* What is being asked
Although the material holds pictures, none belong in the copy; transcribe exactly, and only, the lines from the one with "湖北省襄阳市高新区2024-2025学年" through the end.

* Data records
Segment Open
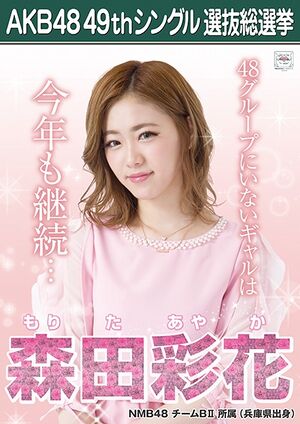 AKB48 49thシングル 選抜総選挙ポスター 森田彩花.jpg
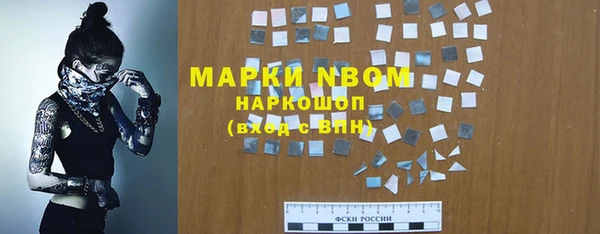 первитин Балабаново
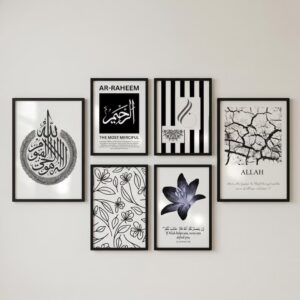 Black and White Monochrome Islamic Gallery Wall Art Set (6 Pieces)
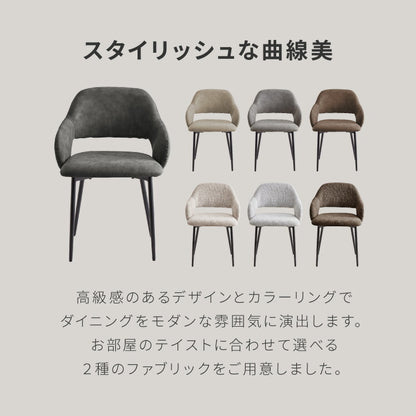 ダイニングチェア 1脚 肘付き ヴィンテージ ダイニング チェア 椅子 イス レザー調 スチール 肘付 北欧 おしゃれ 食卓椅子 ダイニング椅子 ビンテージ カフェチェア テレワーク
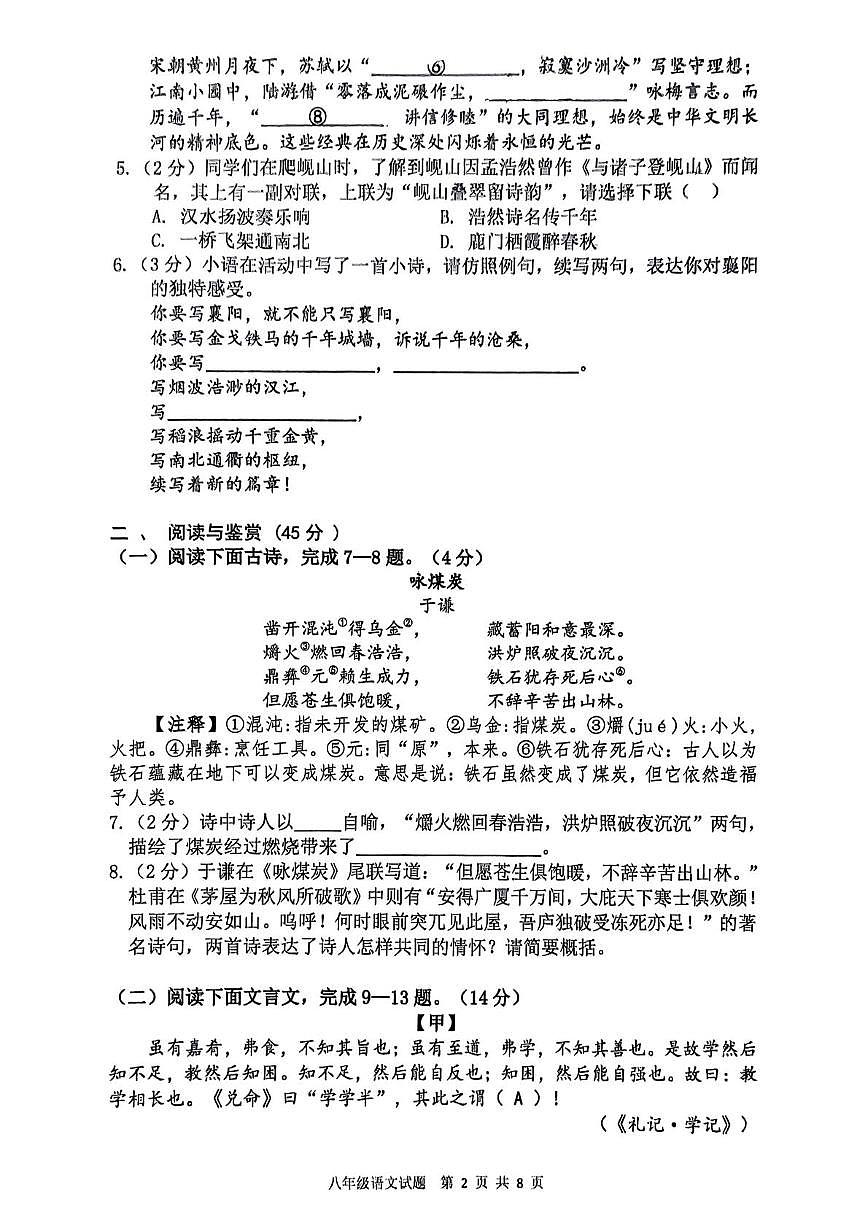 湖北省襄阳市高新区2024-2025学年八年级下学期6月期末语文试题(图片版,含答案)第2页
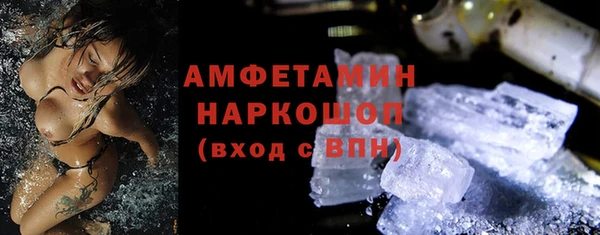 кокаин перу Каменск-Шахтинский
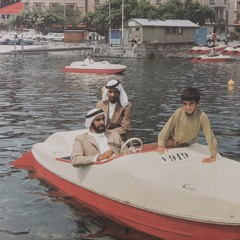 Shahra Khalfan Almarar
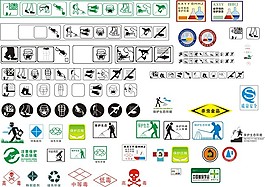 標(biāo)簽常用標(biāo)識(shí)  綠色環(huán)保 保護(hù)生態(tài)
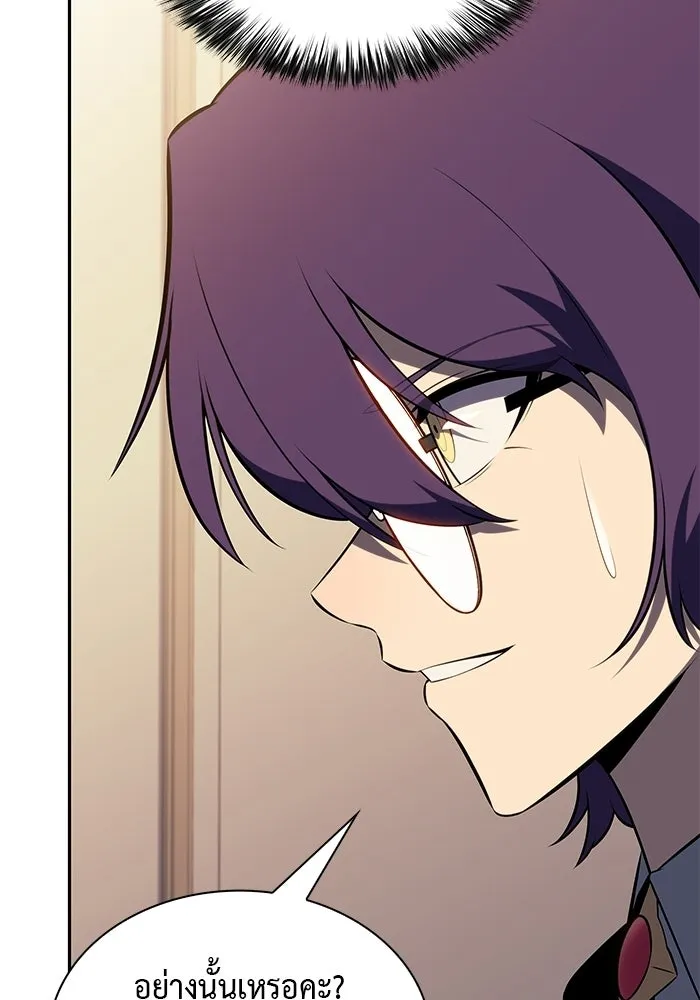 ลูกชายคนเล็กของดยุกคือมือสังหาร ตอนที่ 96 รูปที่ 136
Segment Closed
* Response to this task
 湖北省襄阳市高新区2024-2025学年八年级下学期6月期末语文试题(图片版,含答案)第2页
 кокаин перу Каменск-Шахтинский
 Shahra Khalfan Almarar
 標(biāo)簽常用標(biāo)識(shí)  綠色環(huán)保 保護(hù)生態(tài)
 ลูกชายคนเล็กของดยุกคือมือสังหาร ตอนที่ 96 รูปที่ 136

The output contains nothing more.